● **WHAT IS BEING ASKED**
Please repeat, exactly as written, the line containing "Cable adaptador de televisión digital" and every line after it through the end of the records below.

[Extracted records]
Content starts
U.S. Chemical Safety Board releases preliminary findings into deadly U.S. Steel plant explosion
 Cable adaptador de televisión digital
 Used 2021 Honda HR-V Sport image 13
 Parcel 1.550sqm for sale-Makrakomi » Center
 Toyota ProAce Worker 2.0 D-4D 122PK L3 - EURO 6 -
Content ends
● **RESULT BELOW**
 Cable adaptador de televisión digital
 Used 2021 Honda HR-V Sport image 13
 Parcel 1.550sqm for sale-Makrakomi » Center
 Toyota ProAce Worker 2.0 D-4D 122PK L3 - EURO 6 -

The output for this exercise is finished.